Following two terrible marriages (to a Mr. Hobbs and a Mr. James Keckley) and a short residence in Baltimore, Maryland, Elizabeth settled in Washington, D.C. There, she opened a dressmaking shop, which employed some twenty people at one point. As word of her talent spread, Elizabeth Keckley attracted more and more customers from Washington society, this at a time when talk of a civil war was very much in the air. One of Keckley's customer's was Varina Howell Davis, whose husband, Mississippi Senator Jefferson Davis, was to become President of the Confederacy. Another was Mrs. McClean, the daughter of General Sumner. It was she who brought Keckley to the attention of Mary Todd Lincoln.

Keckley became not only the First Lady's modiste, but a confidante as well: through the days of the Civil War, through the loss of the Lincoln's son, through the assassination of the President. Keckley recounted all this and more in Behind the Scenes, Or, Thirty Years a Slave and Four Years in the White House (1868), a book which made Keckley quite a sensation; however, it wasn't the kind of attention she had hoped for. The backlash was severe. She lost friends and her once-thriving business. Keckley did not spend the rest of her life in Washington, D.C., but it was where she died, having spent her last feeble days in the Home for Destitute Women and Children, ironically an institution she had co-founded.

Jarena Lee

Jarena Lee (1783-c.1850), born free in Cape May, New Jersey, became a devout Christian when she was about twenty-one and felt herself called to preach seven years later. Though filled with fear and trembling over something so rare, a woman preacher, she obeyed the Holy Spirit and set about heeding the call in decency and order. This meant getting the blessing of the senior minister of her church, Richard Allen, co-founder of the African Methodist Episcopal Church and pastor of its first church, Philadelphia's Mother Bethel. Reverend Allen did not sanction Lee's call, claiming that the Methodist church "did not call for women preachers."

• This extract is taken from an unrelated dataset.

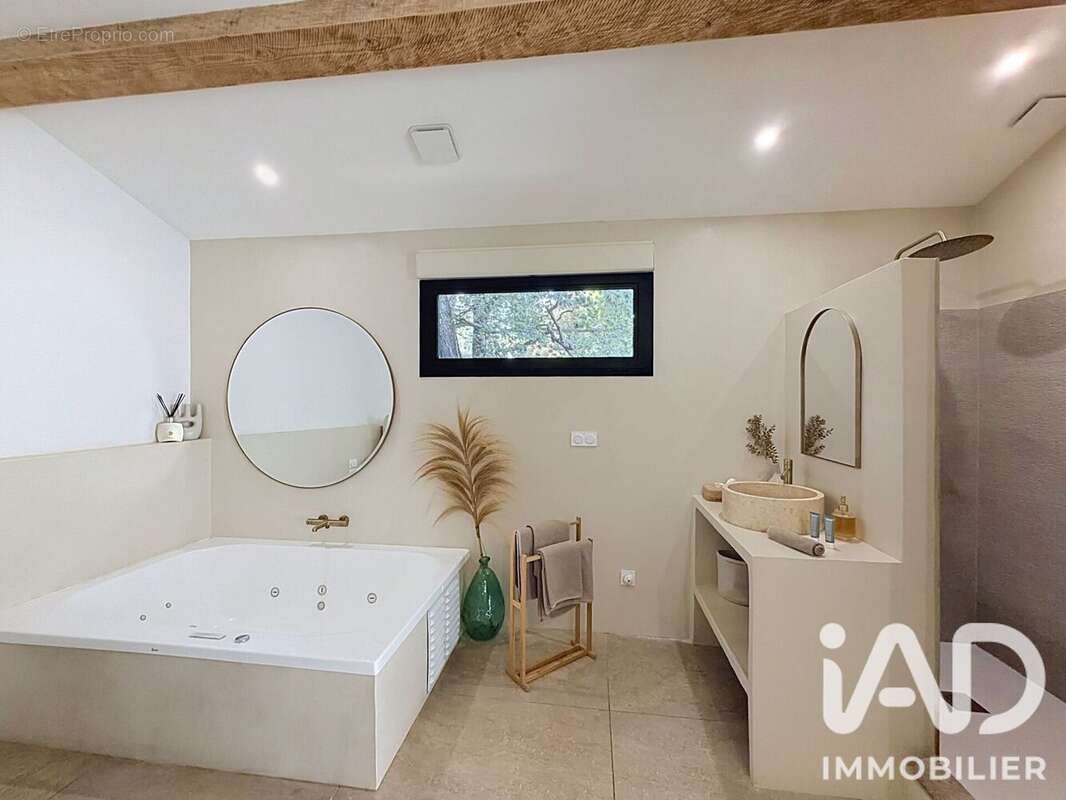 Maison 30 m² à Aubagne  - photo 5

A few years later, Lee, even more intent on preaching, again sought Allen's blessing. This time Allen, now Bishop Allen (with the A.M.E. Church now an independent denomination), granted Lee permission to hold prayer meetings in her home and then to be ordained a preacher.

In the years to come, Jarena Lee preached not only in Philadelphia and its environs, but also all around the Mid-Atlantic and Northeast states. Ohio was the farthest West she journeyed. In her travels, she sometimes teamed up with other evangelists. One of them was Zilpha Elaw (c.1790-1846), whose autobiography Memoirs of the Life, Religious Experience, and Ministerial Travels and Labors of Mrs. Zilpha Elaw was published in 1846. Jarena Lee had published her testimony a decade earlier: The Life and Religious Experiences of Jarena Lee, a Coloured Lady, Giving an Account of Her Call to Preach the Gospel, an expanded edition of which Lee put out in 1849, a year before her death.